In order to remove such disadvantages, a novel process for purification of crude glyceride oil compositions was proposed in Japanese Patent Application (OPI) No. 153010/75 (the term "OPI" as used herein refers to a "published unexamined Japanese patent application"). In accordance with this process, after a crude glyceride oil composition is diluted with an organic solvent such as hexane, etc., it is brought into contact with an ultrafiltration membrane made of polysulfone, polyacrylonitrile or polyamide under pressure and the organic solvent is removed from a membrane permeable solution to obtain a degummed oil. However, according to this process, a removal rate to phospholipids in the crude glyceride oil composition is not sufficiently high because of characteristics of the ultrafiltration membrane, and, in the case of a crude glyceride oil composition containing several % by weight of gum material, it is difficult to reduce a gum material content in the degummed oil to 100 ppm or less which is the amount capable of effectively purifying so as to use for food by the above-described bleaching and deodorizing steps by one step membrane treatment described above. Thus, as described in Japanese Patent Application (OPI) No. 84206/77, an adsorption treatment using an expensive adsorbent such as alumina or silica is additionally required before or after the membrane treatment for miscella. As the result, technical and commercial advantages of the membrane treatment which is substituted for purification by chemical treatment are remarkably reduced. By the way, in case that the crude glyceride oil composition contains 2% by weight of gum material, the removal rate of the membrane for gum material should be 99.5% or more in order to reduce the gum material content in the resulting degummed oil to 100 ppm or less.

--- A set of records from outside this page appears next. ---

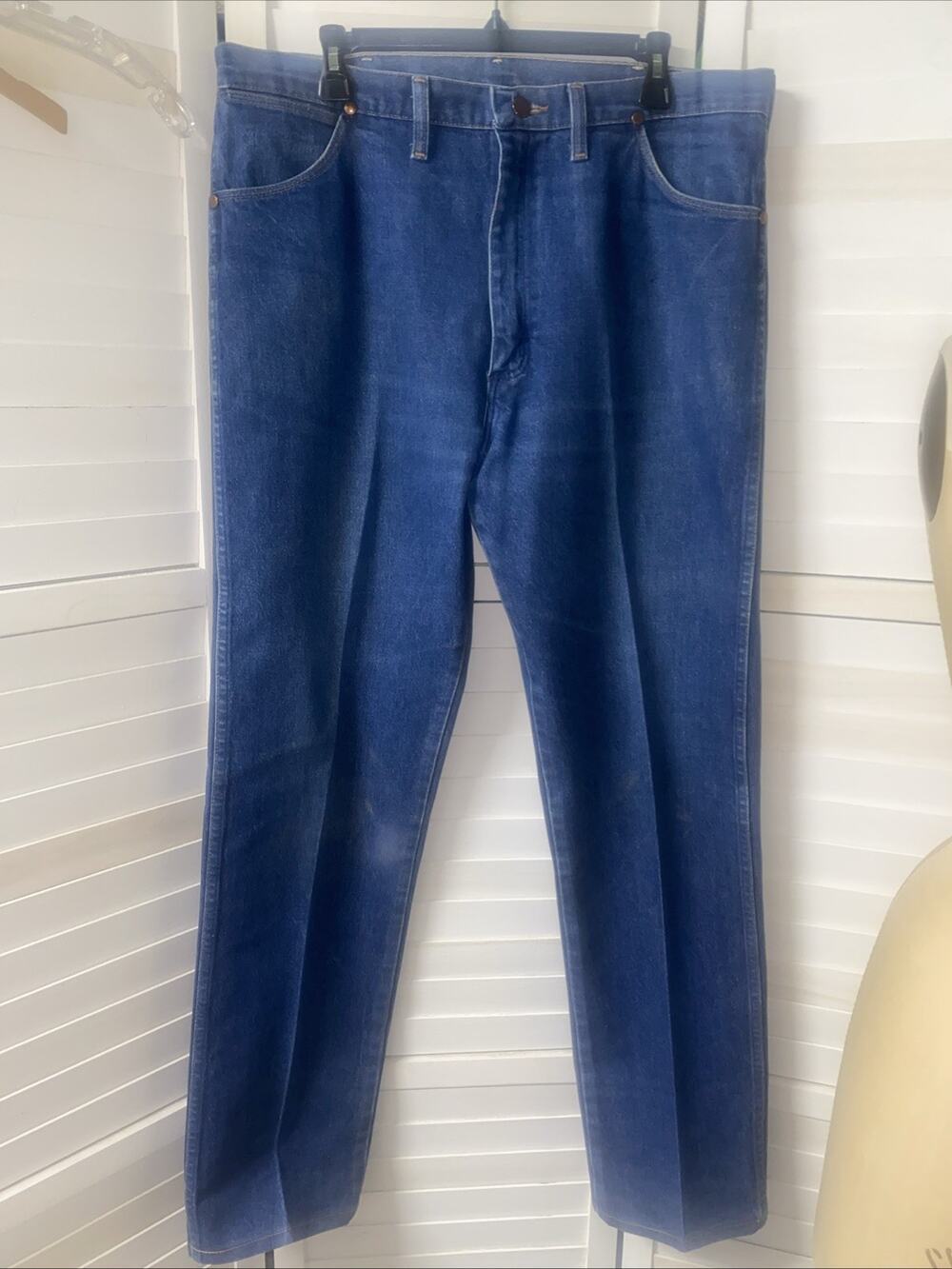 70s Wrangler Jeans 38x36 (36”x 34.5” Actual) Blue Denim 13MWZ Made In USA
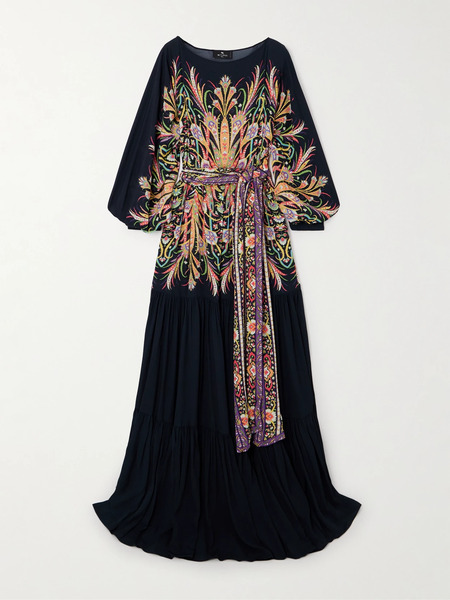  Etro Etro - Printed Crepe Maxi Dress - Black 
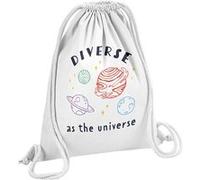 Fabulous Sac de Gym en Coton Blanc Diverse as the Universe 12 Litres Blanc G
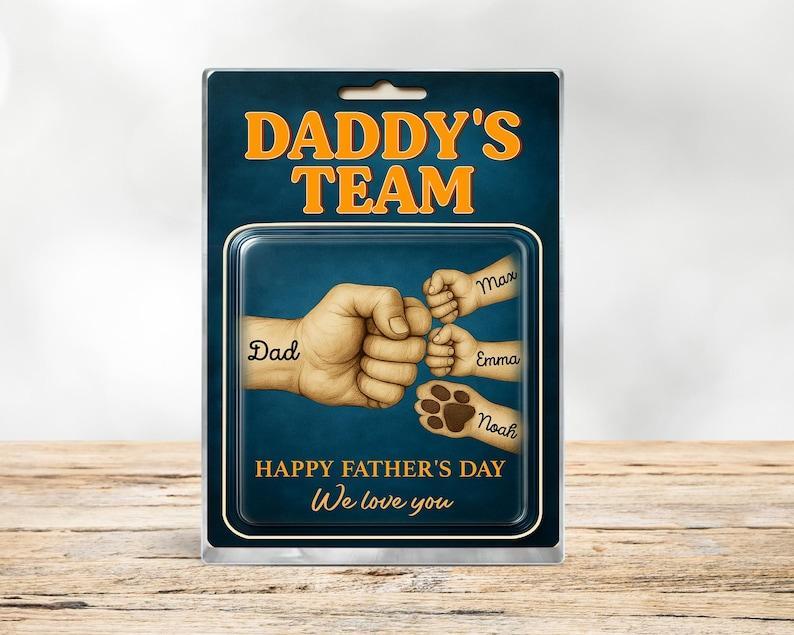Custom Fathers Day Gift for Dad, Daddy Team Fist Bump Custom Figure Acrylic Block Plaque Gift for Husband, Dad Birthday Gift, New Dad Gifts - 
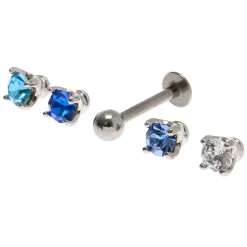 Silver-tone Stainless Steel Multi Cubic Zirconia Changeable Tragus Flat Back Earrings - 5 Pack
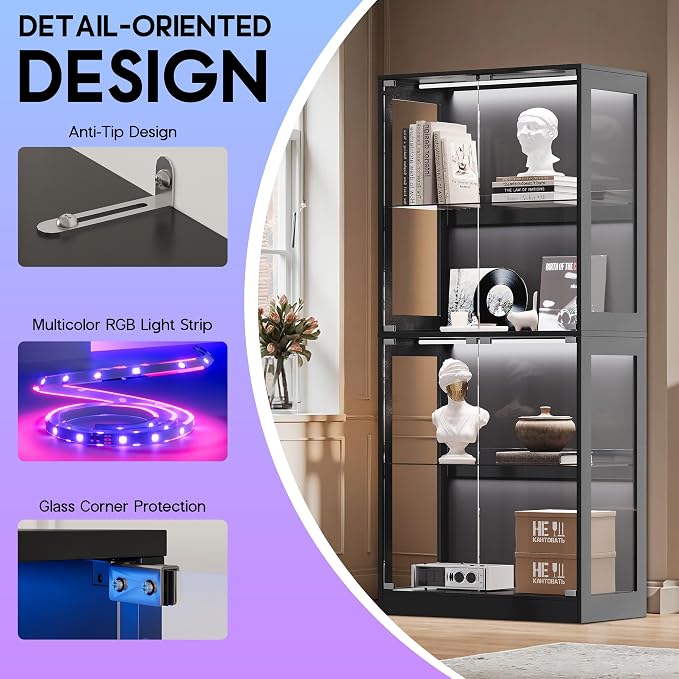 AMERLIFE 32-Inch RGB Display Cabinet with Glass Shelves | 70 H x 32 W x 16 D In, 4-Tier Storage, RGB LED Lights, Press-to-Open Doors, for Collectibles, Black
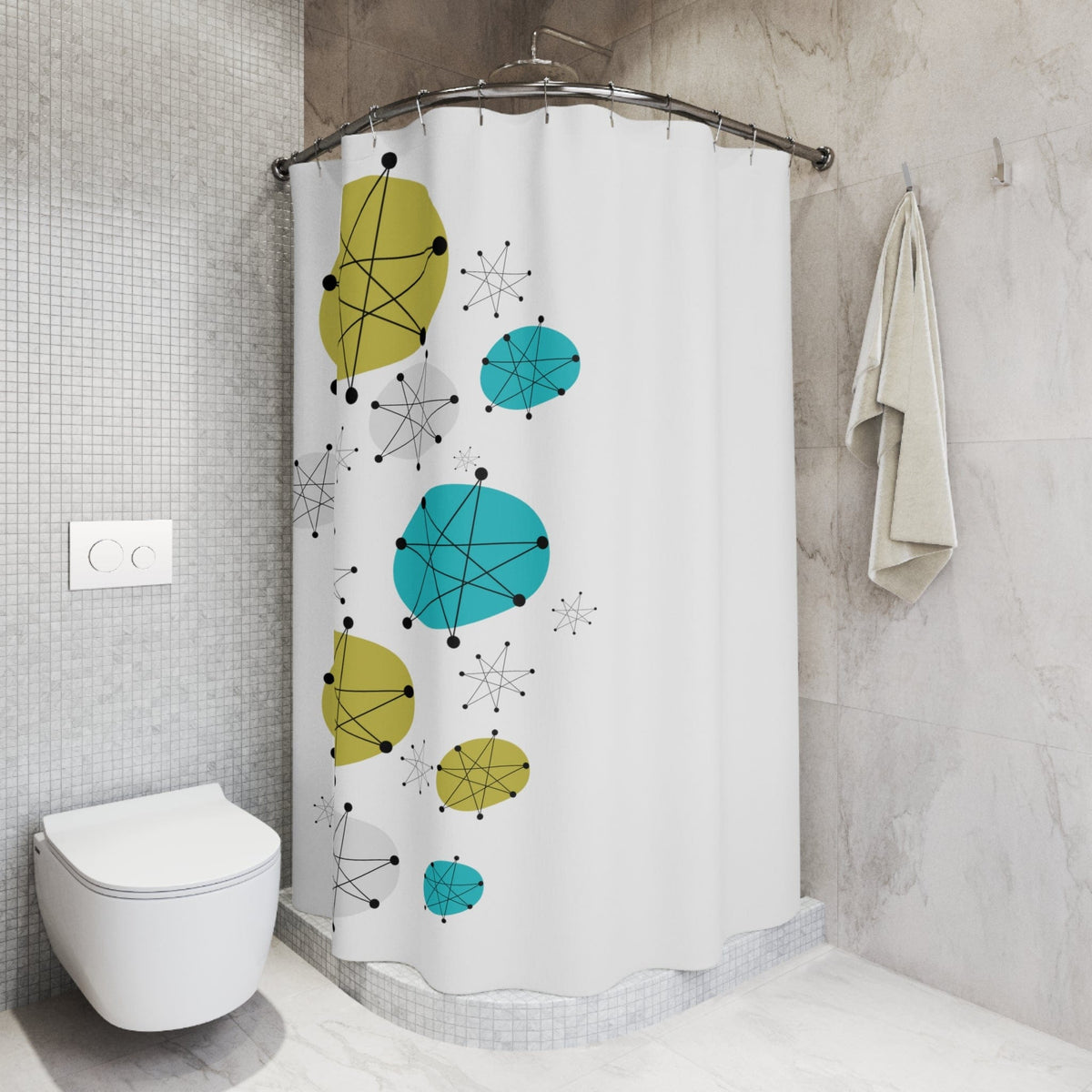 Mid Mod Minimalist, Franciscan Starburst White, Blue, Green Starbust Shower Curtains Home Decor 71" × 74"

Further, in any of the above-described processes, since the ultrafiltration membrane used does not have sufficiently high resistance to glyceride oils and organic solvents for dilution and it easily softens at an elevated temperature, the molecular weight cut-off varies and removal ability for gum material is lost. Therefore, it is desirable that the membrane treatment is generally carried out at a comparatively low temperature of 10.degree. to 20.degree. C. As the result, since miscella having a comparatively high viscosity is subjected to membrane treatment, the amount of the permeable liquid is small and the treatment requires a long period of time. It is not preferred to reduce the glyceride concentration in the miscella, because the amount to be treated becomes large, though the viscosity reduces to increase the amount of the permeable liquid.